After 1,956 nautical miles and three days, three hours, 32 minutes and 36 seconds, the MOD70 trimaran Musandam-Oman Sail yesterday crossed the Sevenstar Round Britain and Ireland Race finish line at Cowes to break the record by a mere 16 minutes and 38 seconds.
The previous record had been set in 2011 by Banque Populaire 5 – a yacht almost twice the length and therefore significantly faster.
Musandam’s multinational crew, led by Sidney Gavignet, has set a record-breaking pace since the race’s postponed start on Monday morning.
The remnants of Hurricane Bertha blasted the striking-looking multihull, along with the rest of the fleet, out of The Solent and down the Channel.

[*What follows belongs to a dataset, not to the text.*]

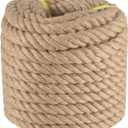 Jute Rope 1 in x 100 ft Thick Twisted Manila Ropes Natural Hemp Rope for Swing Bed, Railing, Crafts, Docks, Tug of War, Decorating, Nautical, Landscaping, Hammock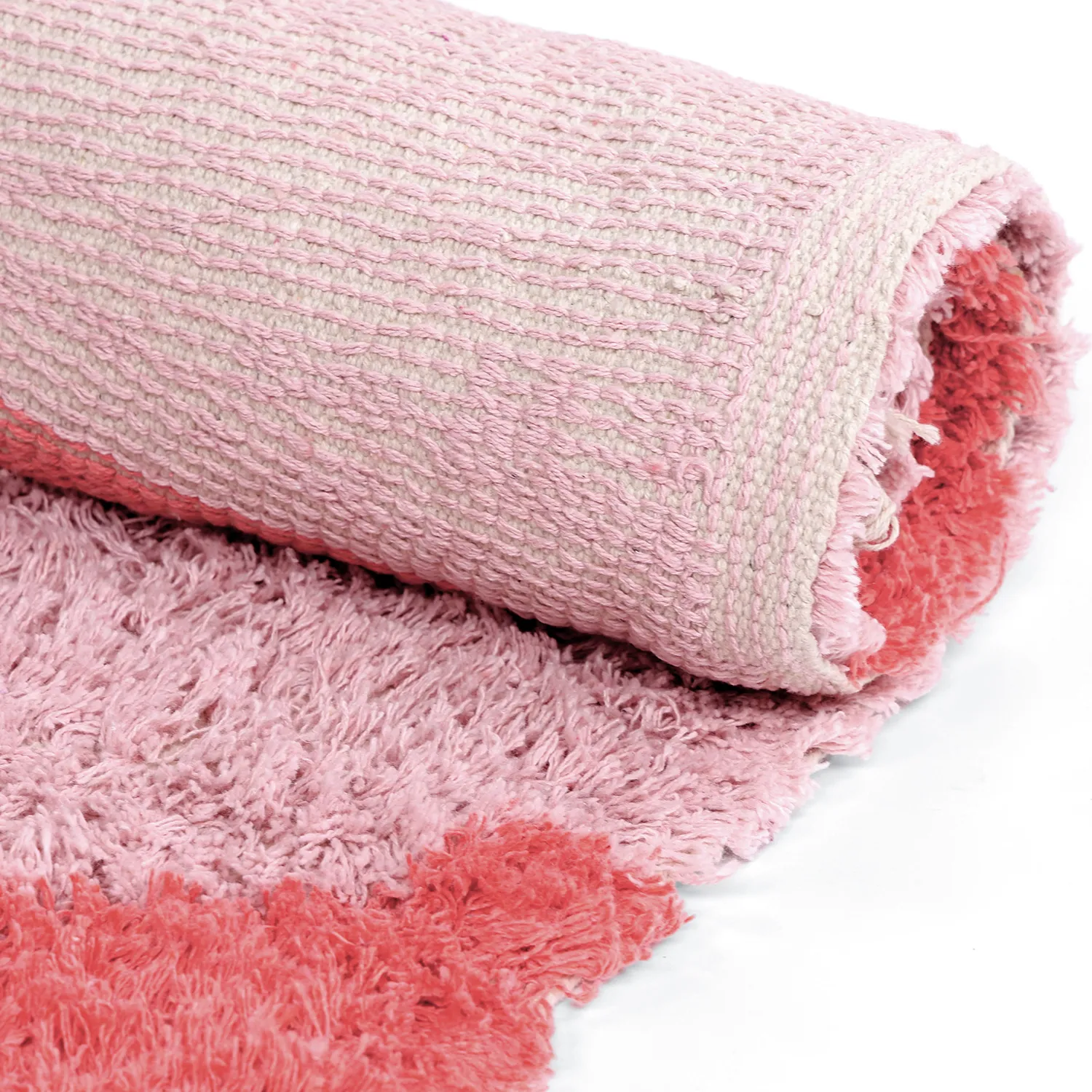 Hochflorteppiche - Amira Natural Cotton Shaggy (rosa)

Indeed, the manner in which the weather pattern evolved meant the leading yachts were able to broad reach all the way up Britain’s east coast in breeze which rarely dropped below 25 knots, often hitting 40 knots.
And then as they rounded Muckle Flugga on the northern most tip of the Shetland Islands the south-westerly breeze obligingly veered to the north, providing another downwind sleigh ride along the west coast of Ireland.
The giant tri’s progress was only slowed by having to frequently gybe along England’s south coast, with the only upwind section of the entire race coming in the final sprint to the Cowes finish line from the forts off Portsmouth.
Attention now turns to Warsash skipper Ian Walker as he aims to break the monohull race record.
His Abu Dhabi Racing Team has a healthy 50-mile lead over the other four Volvo 65s taking part
Yesterday, Walker said: ‘We are just rounding the Blasket Islands off the south west tip of Ireland, which seems incredible seeing as we only left Cowes less than three days ago.
‘We have wriggled away from the chasing pack overnight and now have a nice lead which we will aim to defend from here.
‘It seems clear that the prize at stake is not just the first Volvo 65 but will also be the race record for whoever gets there first.’
Meanwhile, Portsmouth skipper Sam Davies, leading the all-women SCA team, is neck and neck with two other Volvo 65s, Dongfeng and Alvimedica, having come back into contention after losing ground having to avoid east coast wind farms.
SCA’s Hamble-based navigator, Libby Greenhalgh, blogged: ‘It becomes quite tactical as we gybe down the west coast of Ireland – there will be about one hour between each gybe.’
For the smaller yachts in the 28-strong fleet, the change in wind direction which so benefited the larger leaders has given them a hard upwind slog to the Shetlands.
That tough challenge means some are unlikely to round the islands until the weekend.